Updated

Jeff Sessions came out swinging.

Any suggestion that he was colluding with the Russian government, he told a Senate committee yesterday, was “an appalling and detestable lie.”

What was refreshing was that the attorney general’s testimony was that he didm’t read a dry, lawyerly statement, but seemed genuinely outraged that a shadow had been cast over his reputation. Nor did he hide behind a closed session.

In his two meetings with Russian officials, the ex-senator forcefully told his former colleagues, “not one thing happened that was improper in any one of those meetings.” Sessions denied media reports that there might have been a third meeting.

As for his recusal from the investigation—which President Trump did not agree with—Sessions insisted he had taken “no action whatsoever” in the probe.

And in another made-for-TV declaration, Sessions said: “I did not recuse myself from defending my honor against scurrilous and false allegations.”

While it may have lacked the drama of the Jim Comey hearing, the Sessions session had its moments, given his crucial role running the Justice Department. The Washington Post recently reported that as his relationship with Trump grew tense in recent months, Sessions offered to resign.

He defended his boss on the Comey controversy, not surprisingly, saying there was “nothing wrong” with a president having a communication with the FBI director.

Sessions told Dianne Feinstein that he wrote a letter to Trump supporting the firing of Comey because he was asked to do so. He deflected a question about whether he knew the president had already made up his mind, as Trump has confirmed, and then said he couldn’t discuss their private conversations.

There were brief fireworks when another Democrat, Ron Wyden, declared that the letter was a violation of the recusal that “didn’t pass the smell test.” But Sessions just repeated his rationale.

Sessions acknowledged to ranking committee Democrat Mark Warner that he never spoke to Comey about any problems with his management of the FBI.

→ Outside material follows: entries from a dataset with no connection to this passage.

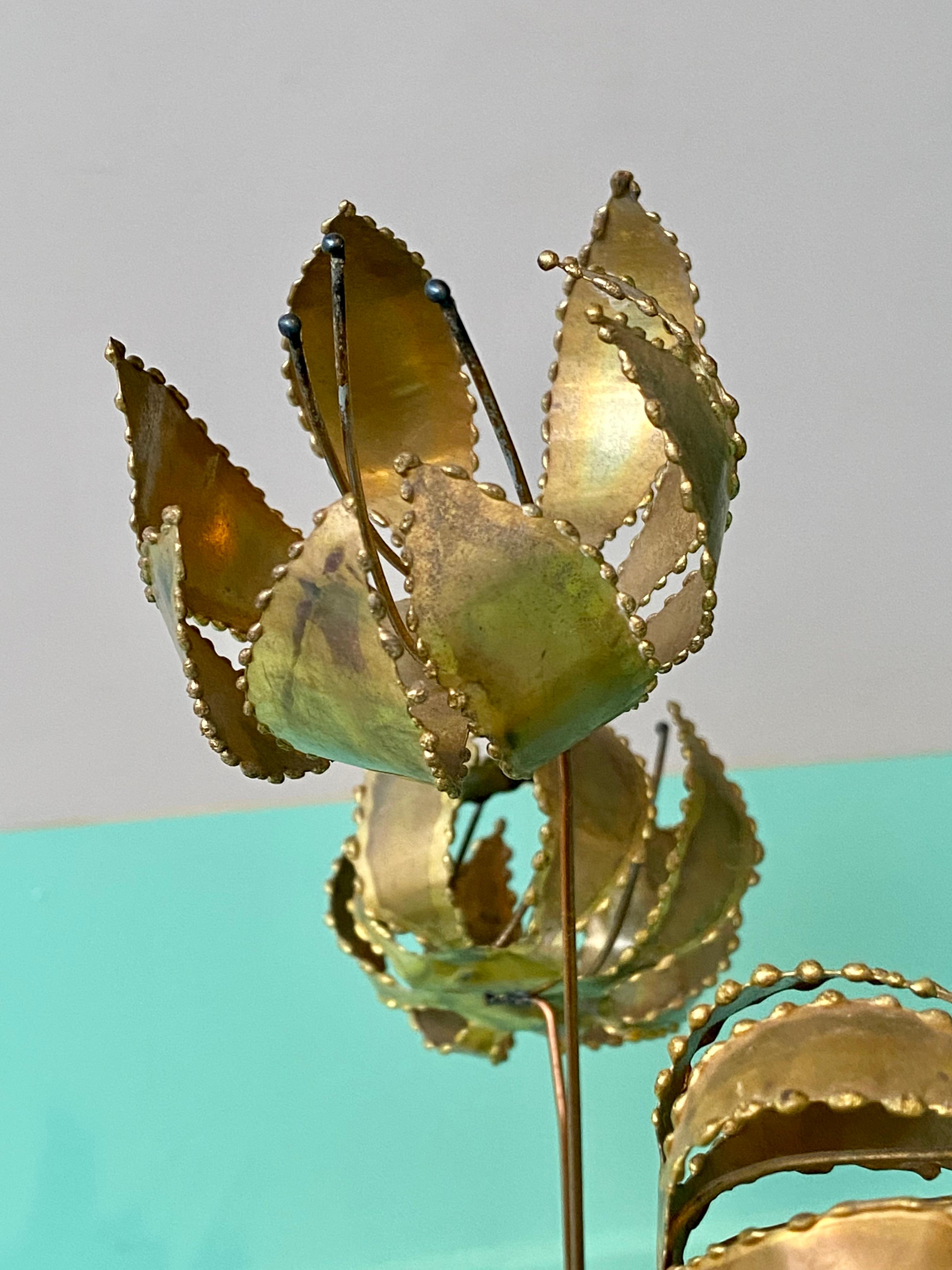 Brutalist Brass Bonsai Ikebana Lily Flower Sculpture by Gerd Scharrelmann 1970s en venta 1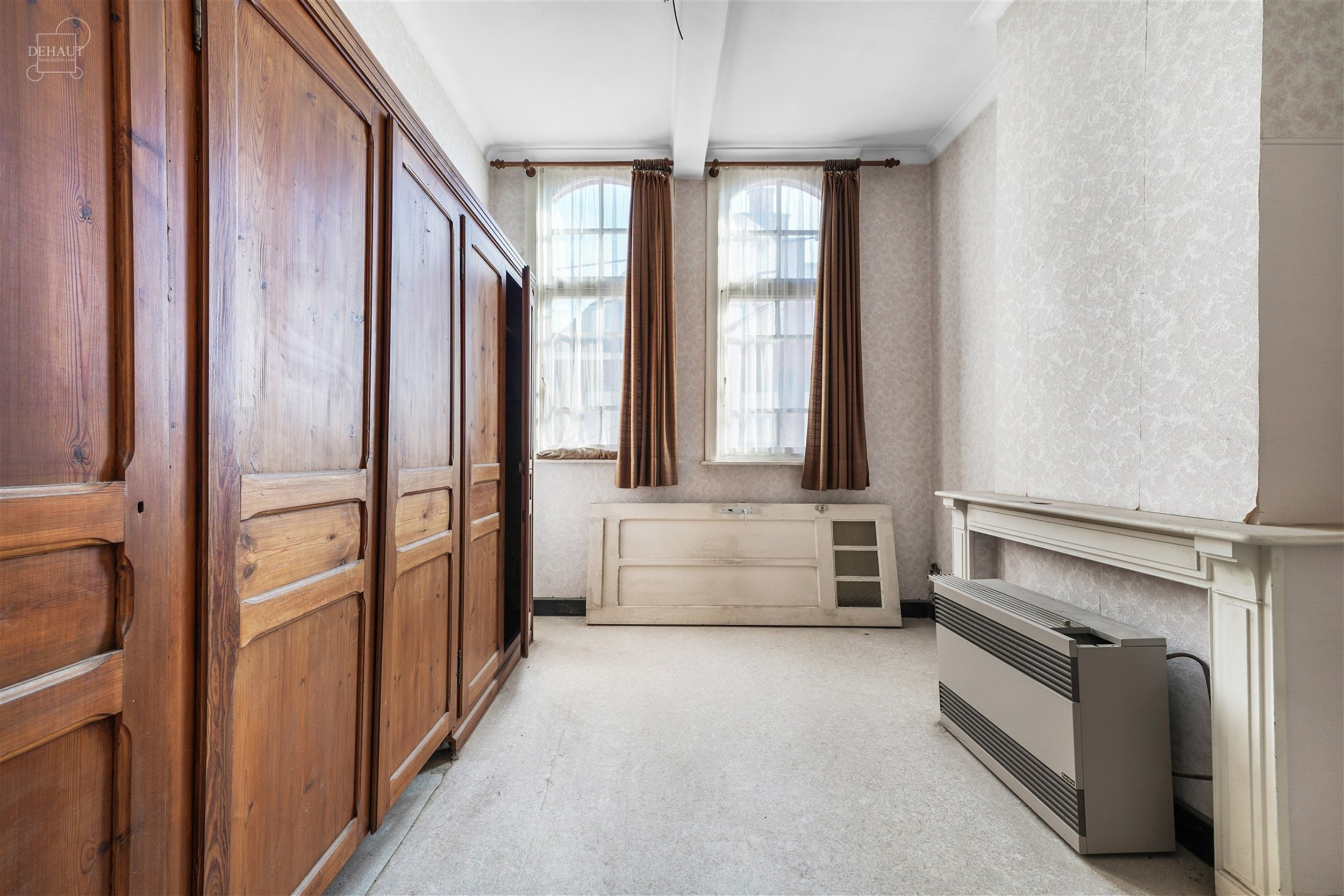 Groot gebouw dat momenteel gerenoveerd wordt voor maximaal 6 gîtes. Hal en trappenhuis ideaal voor het verdelen van accommodatie met betonnen structu...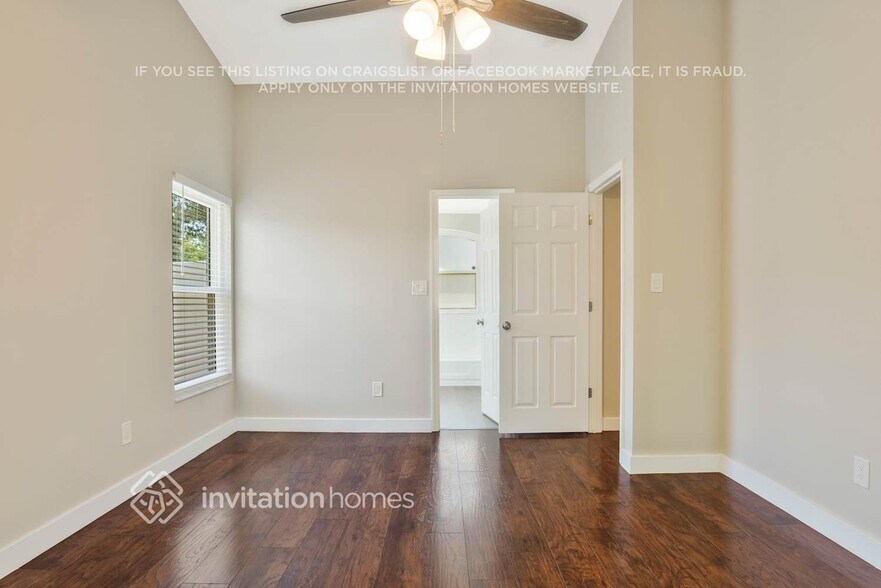 Building Photo - 15528 Hidden Lake Cir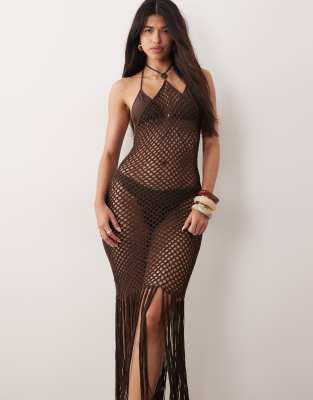 Kaiia exclusive premium halterneck crochet tassel hem maxi dress in chocolate chocolate 20090₽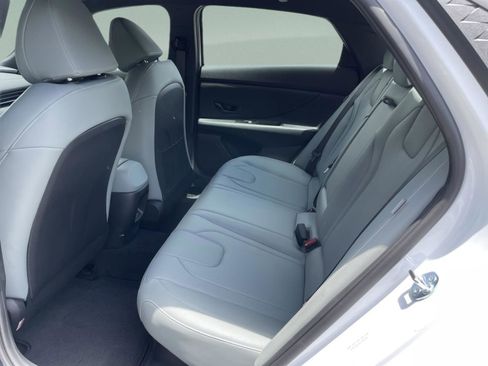 New 2025 Hyundai Elantra Limited image 16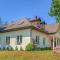 12 Bedroom Stunning Home In Debina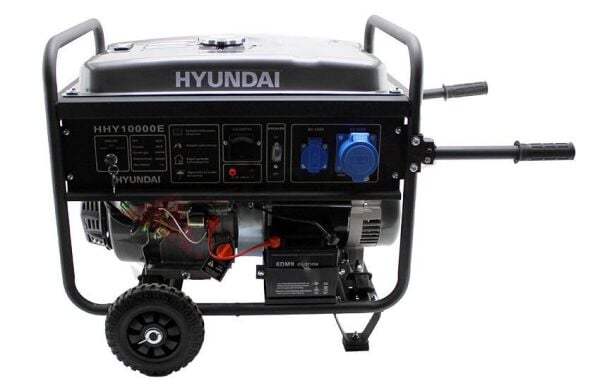Hyundai HHY10000E-3 8.5 kW Marşlı Benzinli Jeneratör Trifaze
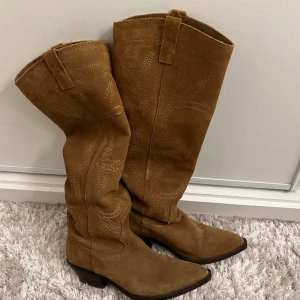 Boots  - Cowboyboots i mocka. Slutsålda överallt! Sitter uppe och är bekväma.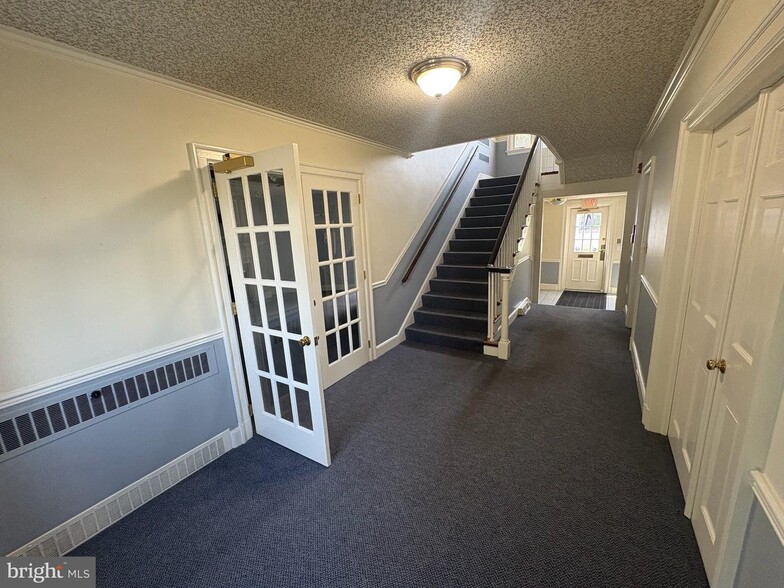 More Photos Of 1500 Lititz Pike, Lancaster Office Residential For Sale
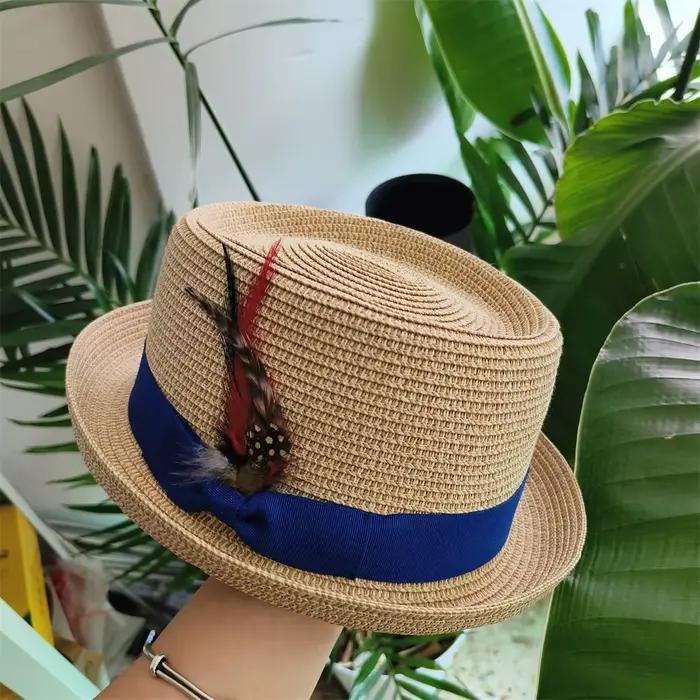 Chapeau Pork Pie vintage en paille avec plume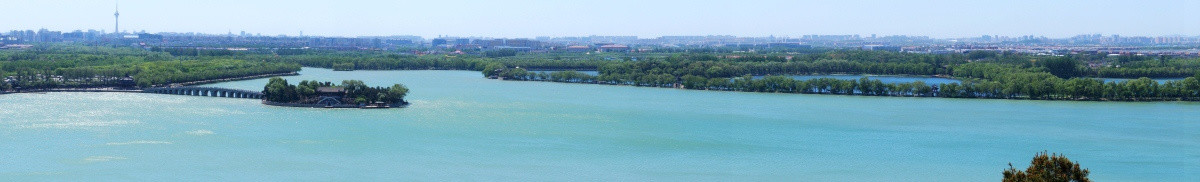 颐和园西堤和昆明湖全景图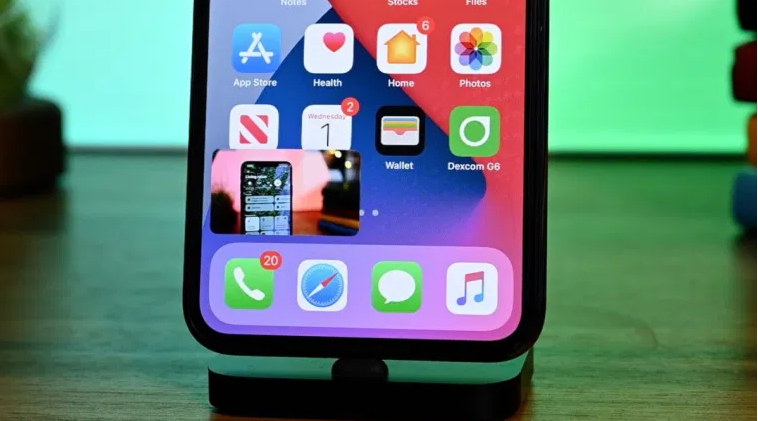 YouTube с функцией картинка в картинке на iOS 14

In the wake of reports that the president might be contemplating firing special counsel Bob Mueller—and growing criticism of Mueller from Trump allies—Sessions said he has “confidence” in the former FBI director. But he said he “no idea” whether the president has such confidence.

Meanwhile, I can say based on my reporting that Mueller is not worried at all about his position, and does not believe the criticism of whether he has a conflict was orchestrated. Such Trump supporters as Newt Gingrich and Sean Hannity have raised questions about Mueller’s fitness for the post and whether there’s any need for a special counsel’s probe.

As a veteran senator, Sessions knows how these hearings work. Since he was playing defense, the question is whether the Democrats landed any blows or elicited any starting information. And the answer is they did not.